Joel Miller, fine author, probes into the expression “personal relationship” and, rather alarmingly, discovers this is largely unknown until the 1970s.

But when we speak of personal faith, or resort to labeling our faith as such in the face of a disagreement over what is or is not true, we run the risk of reducing our creed to caprice, opinion, and fancy. Well, that’s what it means to me. This is particularly a problem today in our consumeristic, me-centered, self-indulgent culture.

And that’s where this idea actually comes from. The manuscript’s appeal to personal jumped at me because of a line of research I was then pursuing. It smelled suspiciously like the 1970s. So to test my assumption I immediately ran a Google Ngram on the phrases “personal savior” and “personal relationship with Jesus.”

As you can see, the phrases barely exist before the 1970s, at which point they take off like pair of rockets, trailing rank fumes of sentimental egotism. This is, importantly, the same period of time labeled by Tom Wolfe as “The Me Decade” in a now-famous article for New York magazine….

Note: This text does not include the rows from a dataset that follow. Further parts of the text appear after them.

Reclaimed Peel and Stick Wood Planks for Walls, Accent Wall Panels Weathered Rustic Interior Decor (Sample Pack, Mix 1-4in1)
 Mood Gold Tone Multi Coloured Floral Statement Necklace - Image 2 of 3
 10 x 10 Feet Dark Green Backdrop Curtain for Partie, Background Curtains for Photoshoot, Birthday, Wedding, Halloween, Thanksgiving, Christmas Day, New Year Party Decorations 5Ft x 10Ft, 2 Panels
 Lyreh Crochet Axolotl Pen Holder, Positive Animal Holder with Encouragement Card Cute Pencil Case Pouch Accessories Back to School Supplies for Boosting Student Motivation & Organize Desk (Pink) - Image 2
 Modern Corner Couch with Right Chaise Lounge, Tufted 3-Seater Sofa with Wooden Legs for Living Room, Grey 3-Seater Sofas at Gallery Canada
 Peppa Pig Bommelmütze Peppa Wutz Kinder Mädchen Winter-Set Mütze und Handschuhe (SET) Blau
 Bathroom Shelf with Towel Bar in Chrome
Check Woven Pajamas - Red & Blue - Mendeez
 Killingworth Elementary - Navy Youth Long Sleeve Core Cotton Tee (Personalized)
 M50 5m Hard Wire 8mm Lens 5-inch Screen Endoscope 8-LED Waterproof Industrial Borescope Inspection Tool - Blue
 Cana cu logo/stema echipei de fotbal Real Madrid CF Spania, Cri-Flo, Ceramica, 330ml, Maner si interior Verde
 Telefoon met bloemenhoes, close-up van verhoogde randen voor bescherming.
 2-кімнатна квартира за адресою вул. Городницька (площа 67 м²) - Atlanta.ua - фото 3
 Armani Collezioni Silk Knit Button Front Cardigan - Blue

Let’s go back to those Pharisees. They [as he said at the opening to his post] didn’t get bogged down in legalism because they ignored a personal relationship with Jesus—an anachronistic and wrongheaded concept to begin with. If we follow Jesus’ parable of the tax collector, we know they got in trouble because of pride and self-satisfaction. We need to be careful that our so-called personal relationships aren’t the same thing in disguise.